[Data listing]
_ _ _ _
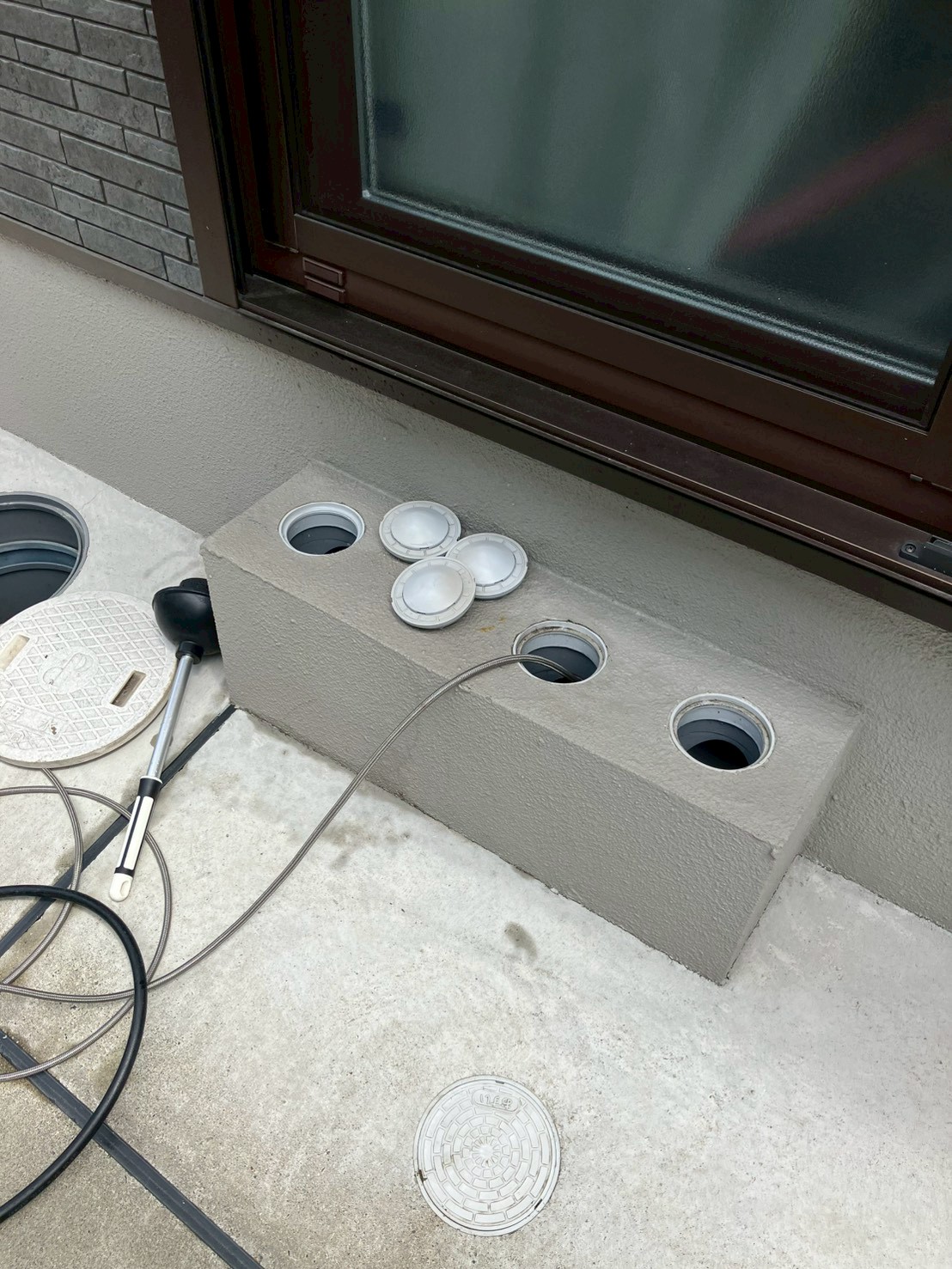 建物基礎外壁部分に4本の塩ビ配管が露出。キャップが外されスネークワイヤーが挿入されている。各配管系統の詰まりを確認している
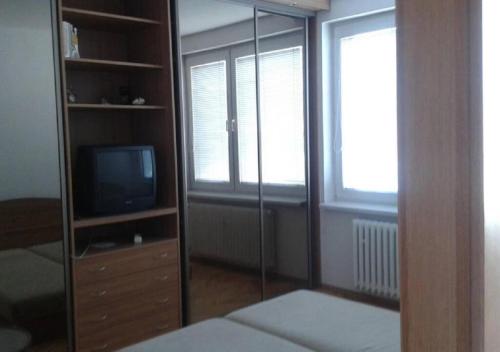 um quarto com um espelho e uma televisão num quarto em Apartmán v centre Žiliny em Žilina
_ _ _ _
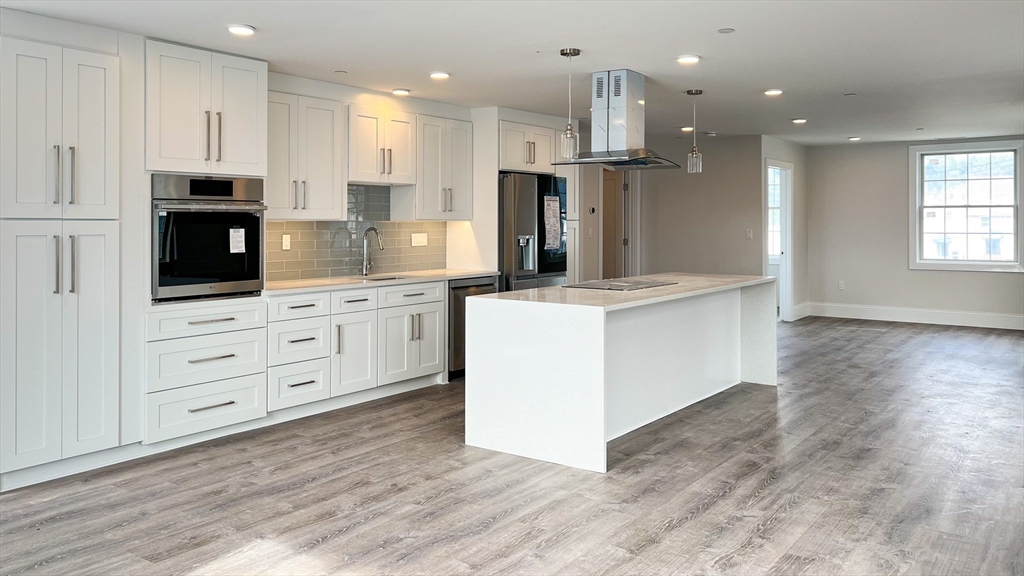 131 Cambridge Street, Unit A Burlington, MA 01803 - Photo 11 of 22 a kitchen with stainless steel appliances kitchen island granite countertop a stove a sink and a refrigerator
_ _ _ _
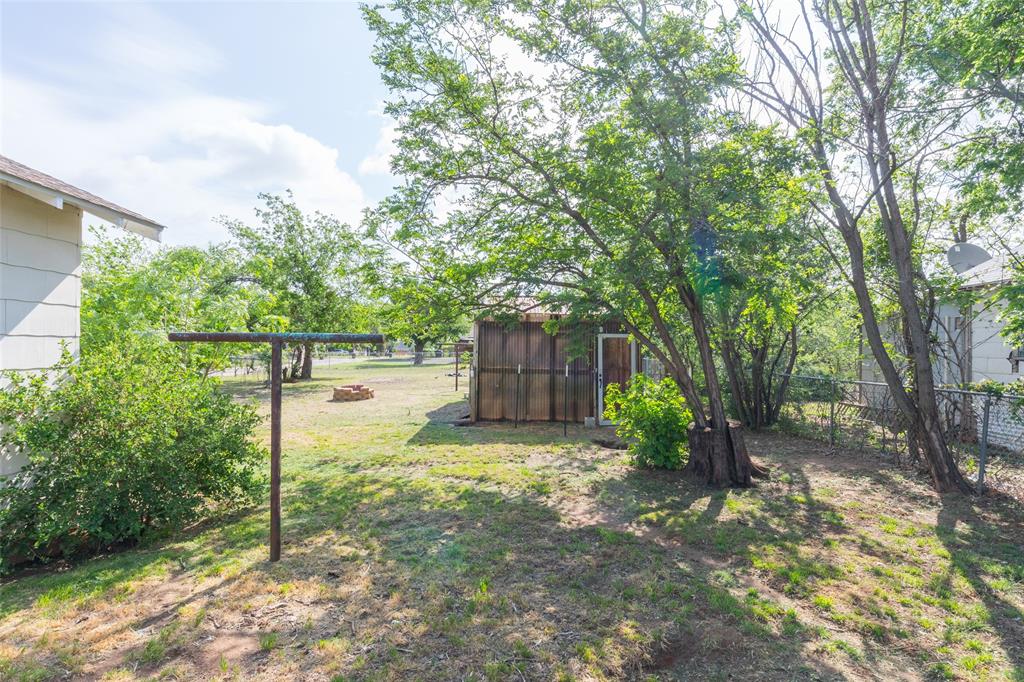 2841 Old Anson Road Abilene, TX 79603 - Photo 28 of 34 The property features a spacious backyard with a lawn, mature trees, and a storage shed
_ _ _ _
[What is needed] With the pictures removed, print only the lines starting at the line that has "建物基礎外壁部分に4本の塩ビ" and ending at the line that has "um quarto com", both ends included, exactly as they stand above.

[Solution for this problem]
 建物基礎外壁部分に4本の塩ビ配管が露出。キャップが外されスネークワイヤーが挿入されている。各配管系統の詰まりを確認している
 um quarto com um espelho e uma televisão num quarto em Apartmán v centre Žiliny em Žilina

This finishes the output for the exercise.